Hans and Gudrun List were ardent ramblers, still blessed with wiry physiques and tanned limbs despite being well into their sixties. Natives of Salzburg, Austria, they had grown up striding across the spectacular alpine landscape that surrounds their home town. Now they were walking across southern Scandinavia, from Stockholm to Oslo, enjoying the perfect weather of early summer and the rural scenery as they made good progress along the northern shore of Tvillingtjenn lake, just a couple of hours' walk from the Swedish border. Above all the Lists took pleasure in the peace and solitude; the cool, muffled calm soothed them as they walked between the trees along the water's edge.

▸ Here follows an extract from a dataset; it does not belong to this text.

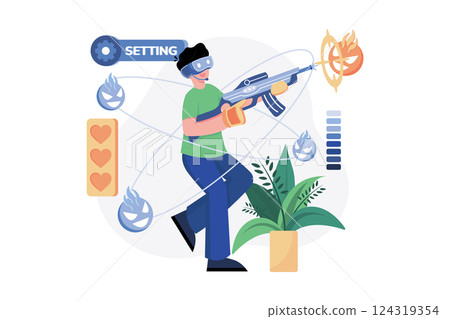 Man Playing Vr Action Shooting Game Man Playing Vr Action Shooting Game 124319354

And then the silence was shattered by a terrible howl of pain, a scream so primal that it might have come from an animal. 'What was that?' Hans asked. But the question was superfluous. The Lists both knew at once that this was the sound of a man in agony.
'It came from over there,' said Gudrun, pointing away from the lakeshore into the trees.
They took a few more tentative paces into the woods, torn between the desire to help a fellow-human and the fear of whoever, or whatever, had ripped that terrible sound from his body. Then another scream rang out, more raggedly this time, as though the man's vocal cords no longer had the power to communicate his suffering.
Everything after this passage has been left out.